• **MATERIALS PROVIDED**:
————
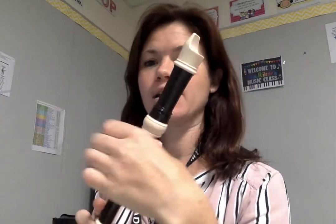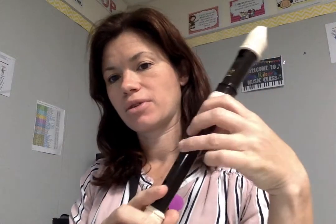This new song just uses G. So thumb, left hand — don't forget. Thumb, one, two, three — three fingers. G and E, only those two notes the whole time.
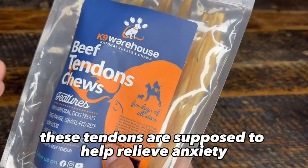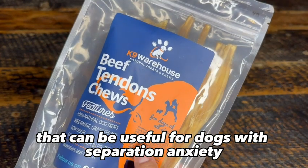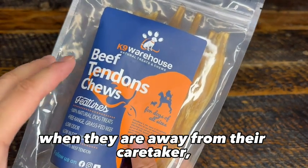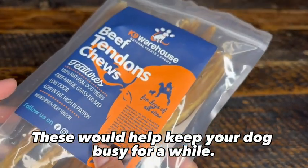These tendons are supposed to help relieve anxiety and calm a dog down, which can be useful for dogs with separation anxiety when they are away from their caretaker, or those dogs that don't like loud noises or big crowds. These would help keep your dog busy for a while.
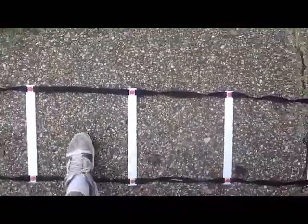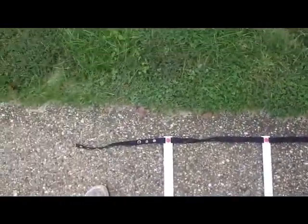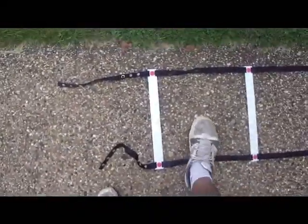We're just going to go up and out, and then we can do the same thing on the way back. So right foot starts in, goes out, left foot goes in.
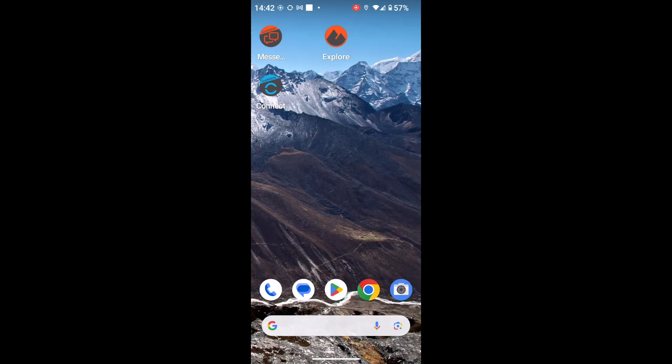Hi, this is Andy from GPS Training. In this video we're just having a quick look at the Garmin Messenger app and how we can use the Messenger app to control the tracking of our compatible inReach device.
————
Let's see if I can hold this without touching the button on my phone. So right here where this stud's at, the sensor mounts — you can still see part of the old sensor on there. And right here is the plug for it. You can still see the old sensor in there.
————
Copy everything above from the line holding "We're just going" down to the line holding "Hi, this is", both ends included, exactly as it stands and without the pictures.

We're just going to go up and out, and then we can do the same thing on the way back. So right foot starts in, goes out, left foot goes in.
Hi, this is Andy from GPS Training. In this video we're just having a quick look at the Garmin Messenger app and how we can use the Messenger app to control the tracking of our compatible inReach device.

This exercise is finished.